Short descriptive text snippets
**********

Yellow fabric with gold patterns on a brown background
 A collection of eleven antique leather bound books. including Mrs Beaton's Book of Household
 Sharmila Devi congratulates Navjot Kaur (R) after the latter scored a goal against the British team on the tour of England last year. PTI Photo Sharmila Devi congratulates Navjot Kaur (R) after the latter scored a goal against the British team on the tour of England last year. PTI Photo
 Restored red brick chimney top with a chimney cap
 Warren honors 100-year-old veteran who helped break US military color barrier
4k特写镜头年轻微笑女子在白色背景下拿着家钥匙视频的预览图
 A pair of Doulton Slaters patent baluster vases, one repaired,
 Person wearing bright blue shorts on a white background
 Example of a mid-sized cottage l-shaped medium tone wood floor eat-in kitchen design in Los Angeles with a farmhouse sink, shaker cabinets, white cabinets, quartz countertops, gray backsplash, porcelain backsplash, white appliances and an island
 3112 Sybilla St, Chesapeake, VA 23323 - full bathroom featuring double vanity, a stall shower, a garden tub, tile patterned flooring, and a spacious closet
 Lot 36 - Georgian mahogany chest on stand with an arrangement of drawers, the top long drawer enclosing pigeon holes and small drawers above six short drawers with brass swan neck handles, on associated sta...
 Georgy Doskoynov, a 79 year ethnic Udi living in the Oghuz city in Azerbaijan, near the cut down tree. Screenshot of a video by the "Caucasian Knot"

**********

§ Goal of the exercise: None of the lines above may be skipped. Transcribe each one exactly.

§ Result of the task:
Yellow fabric with gold patterns on a brown background
 A collection of eleven antique leather bound books. including Mrs Beaton's Book of Household
 Sharmila Devi congratulates Navjot Kaur (R) after the latter scored a goal against the British team on the tour of England last year. PTI Photo Sharmila Devi congratulates Navjot Kaur (R) after the latter scored a goal against the British team on the tour of England last year. PTI Photo
 Restored red brick chimney top with a chimney cap
 Warren honors 100-year-old veteran who helped break US military color barrier
4k特写镜头年轻微笑女子在白色背景下拿着家钥匙视频的预览图
 A pair of Doulton Slaters patent baluster vases, one repaired,
 Person wearing bright blue shorts on a white background
 Example of a mid-sized cottage l-shaped medium tone wood floor eat-in kitchen design in Los Angeles with a farmhouse sink, shaker cabinets, white cabinets, quartz countertops, gray backsplash, porcelain backsplash, white appliances and an island
 3112 Sybilla St, Chesapeake, VA 23323 - full bathroom featuring double vanity, a stall shower, a garden tub, tile patterned flooring, and a spacious closet
 Lot 36 - Georgian mahogany chest on stand with an arrangement of drawers, the top long drawer enclosing pigeon holes and small drawers above six short drawers with brass swan neck handles, on associated sta...
 Georgy Doskoynov, a 79 year ethnic Udi living in the Oghuz city in Azerbaijan, near the cut down tree. Screenshot of a video by the "Caucasian Knot"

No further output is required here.